- Work required
Copy out exactly the stretch below, from the line with "Casablanca 4 Door Wardrobe" through the line with "figma No. 640", both included; the pictures stay out.

- Study material
* * * *

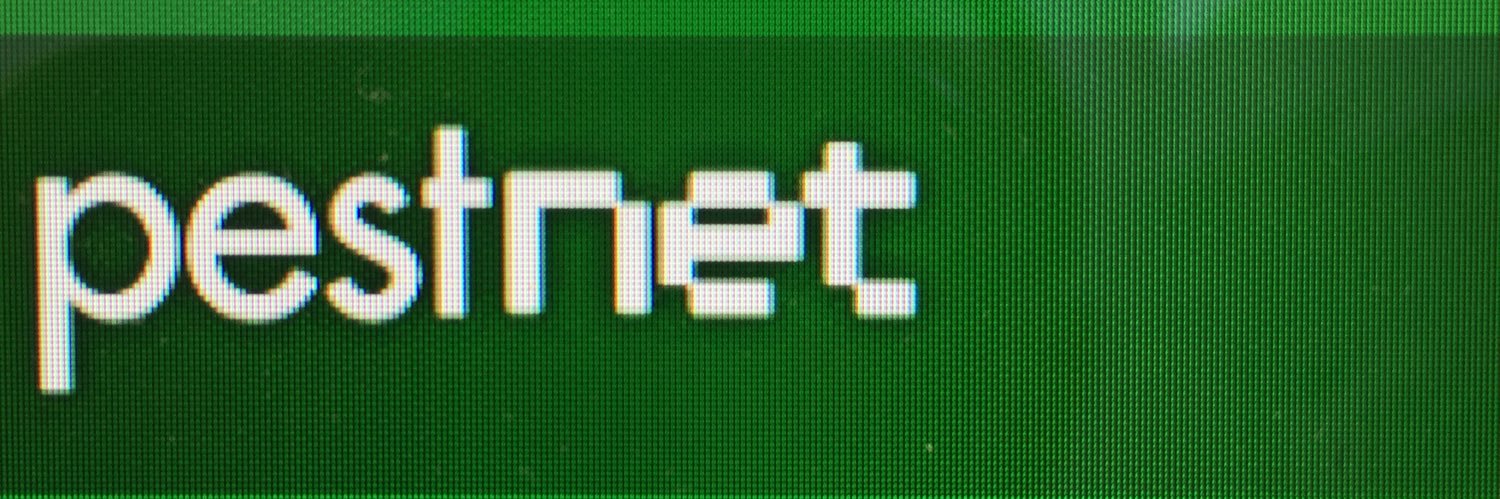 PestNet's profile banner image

* * * *

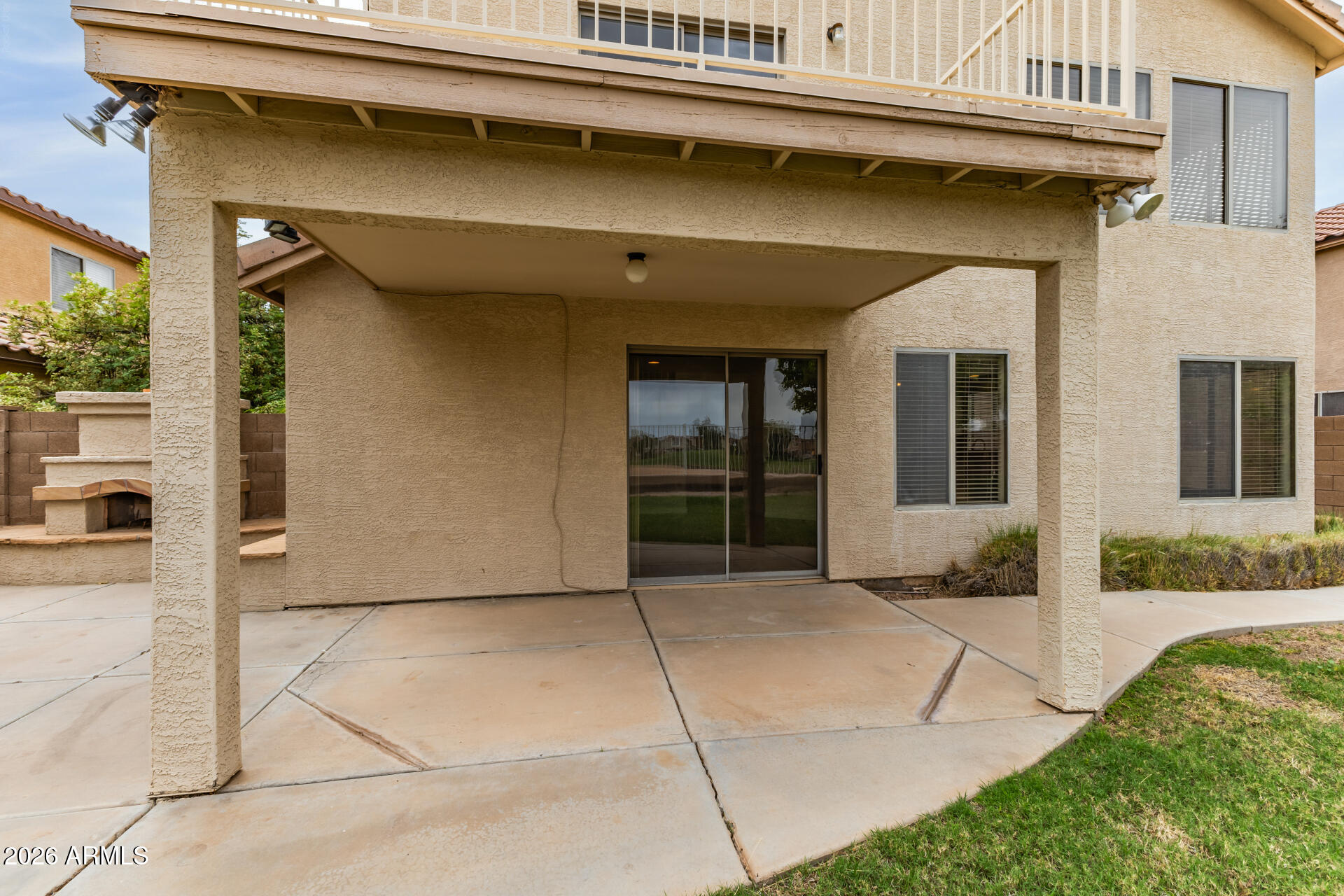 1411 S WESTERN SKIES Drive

* * * *

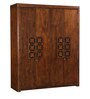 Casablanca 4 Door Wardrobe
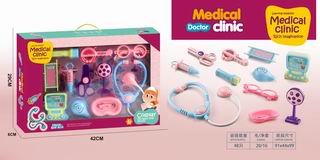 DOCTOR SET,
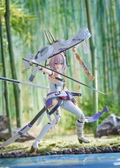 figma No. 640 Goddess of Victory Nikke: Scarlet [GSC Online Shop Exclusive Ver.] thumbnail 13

* * * *

- Exercise response
 Casablanca 4 Door Wardrobe
 DOCTOR SET,
 figma No. 640 Goddess of Victory Nikke: Scarlet [GSC Online Shop Exclusive Ver.] thumbnail 13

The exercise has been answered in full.